Lecture 09 - Modeling Events

Author

Isabella C. Richmond

Published

March 20, 2024

Rose / Thorn

Rose:

Thorn:

Modeling Events

NOTE: read causal foundations of bias, fairness, and …

observations are counts
unknowns are possibilities, odds
everything is interacting
“log-odds” scale

Estimand: what is the effect of gender on university admissions?

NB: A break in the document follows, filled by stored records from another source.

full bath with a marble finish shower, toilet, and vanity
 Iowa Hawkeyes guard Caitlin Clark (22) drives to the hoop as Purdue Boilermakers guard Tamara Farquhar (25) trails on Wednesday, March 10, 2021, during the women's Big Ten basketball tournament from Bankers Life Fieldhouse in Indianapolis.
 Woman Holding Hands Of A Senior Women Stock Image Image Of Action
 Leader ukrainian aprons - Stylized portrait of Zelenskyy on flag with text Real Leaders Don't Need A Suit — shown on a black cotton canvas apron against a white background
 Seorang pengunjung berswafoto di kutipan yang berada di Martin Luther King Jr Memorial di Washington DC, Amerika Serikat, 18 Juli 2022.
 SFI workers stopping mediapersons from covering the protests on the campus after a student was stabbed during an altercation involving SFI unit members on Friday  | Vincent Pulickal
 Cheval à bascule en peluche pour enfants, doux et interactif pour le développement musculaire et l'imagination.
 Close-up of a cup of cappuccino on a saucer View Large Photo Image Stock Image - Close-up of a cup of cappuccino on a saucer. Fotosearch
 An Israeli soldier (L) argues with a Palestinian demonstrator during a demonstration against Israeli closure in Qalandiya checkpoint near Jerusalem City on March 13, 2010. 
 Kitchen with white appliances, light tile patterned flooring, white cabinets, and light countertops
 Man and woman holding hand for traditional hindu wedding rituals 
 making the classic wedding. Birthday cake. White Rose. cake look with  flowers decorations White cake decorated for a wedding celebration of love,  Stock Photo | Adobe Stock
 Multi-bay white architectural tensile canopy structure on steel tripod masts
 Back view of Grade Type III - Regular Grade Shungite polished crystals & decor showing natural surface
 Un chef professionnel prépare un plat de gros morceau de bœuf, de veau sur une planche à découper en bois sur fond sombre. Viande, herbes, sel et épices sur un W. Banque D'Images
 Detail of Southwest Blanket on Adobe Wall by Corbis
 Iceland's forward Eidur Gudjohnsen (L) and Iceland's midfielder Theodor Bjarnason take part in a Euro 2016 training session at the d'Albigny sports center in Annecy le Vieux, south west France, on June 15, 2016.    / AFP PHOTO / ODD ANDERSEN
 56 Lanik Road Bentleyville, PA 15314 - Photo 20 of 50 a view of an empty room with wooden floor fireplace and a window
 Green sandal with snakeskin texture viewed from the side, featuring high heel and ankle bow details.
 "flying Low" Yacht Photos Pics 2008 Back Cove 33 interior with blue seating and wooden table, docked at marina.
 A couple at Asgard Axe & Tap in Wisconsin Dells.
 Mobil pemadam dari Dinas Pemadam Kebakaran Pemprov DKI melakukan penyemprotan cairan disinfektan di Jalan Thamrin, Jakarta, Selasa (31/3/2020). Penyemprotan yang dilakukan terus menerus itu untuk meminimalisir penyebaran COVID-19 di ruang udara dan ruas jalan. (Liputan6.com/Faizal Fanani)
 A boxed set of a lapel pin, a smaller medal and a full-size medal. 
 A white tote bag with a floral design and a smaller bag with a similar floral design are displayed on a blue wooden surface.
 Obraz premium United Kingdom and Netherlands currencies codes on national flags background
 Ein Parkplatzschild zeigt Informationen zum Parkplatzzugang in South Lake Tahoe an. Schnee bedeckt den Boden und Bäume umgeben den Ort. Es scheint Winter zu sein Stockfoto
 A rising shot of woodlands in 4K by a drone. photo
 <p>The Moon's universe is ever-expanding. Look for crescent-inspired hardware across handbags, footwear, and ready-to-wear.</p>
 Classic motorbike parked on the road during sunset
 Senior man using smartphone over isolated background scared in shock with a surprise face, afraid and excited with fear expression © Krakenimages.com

perception of gender by admissions officer is what truly matters here
total effect of discrimination is what people experience
direct discrimination: status-based (referees are biased for or against certain gender)
indirect discrimination: structural (gender influences what discipline you are interested in and that discipline is underfunded)
quite often, the thing we are able to estimate is not what we want (total effects are easier to estimate but subpaths are interesting and important to understanding equity)
many unobserved confounds in this setup

Generative Model:

N <- 1000 # number of applicants
G <- sample(1:2, size = N, replace = T) # gender distribution
D <- rbern(N, ifelse(G==1, 0.3, 0.8)) + 1 #gener 1 tends to apply to appartment 1, 2 to 2
accept_rate <- matrix(c(0.1, 0.3, 0.1, 0.3), nrow = 2) # matrix of acceptance rates [dept, gender]
A <- rbern(N, accept_rate[D,G]) # simulate acceptance

Modeling Events

we observe: count of events
we estimate: probability (or log-odds) of events
- like the globe tossing model, but need “proportion of water” stratified by other variables

Generalized Linear Models

linear models: expected value is additive “linear” combination of parameters
generalized linear models: expected value is some function of an additive combination of parameters
- works because normal distribution is unbounded on both sides
- when you have probabilities, which are bounded by 0 and 1, you make the expected value a function of the additive model
- choosing the function so that it works well is the art of linear models

\[ Y_i \sim Bernoulli (p_i) \\ f(p_i) = \alpha + \beta_XX_i + \beta_Z Z_i \\ p_i = f^{-1}(\alpha + \beta_XX_i + \beta_Z Z_i ) \]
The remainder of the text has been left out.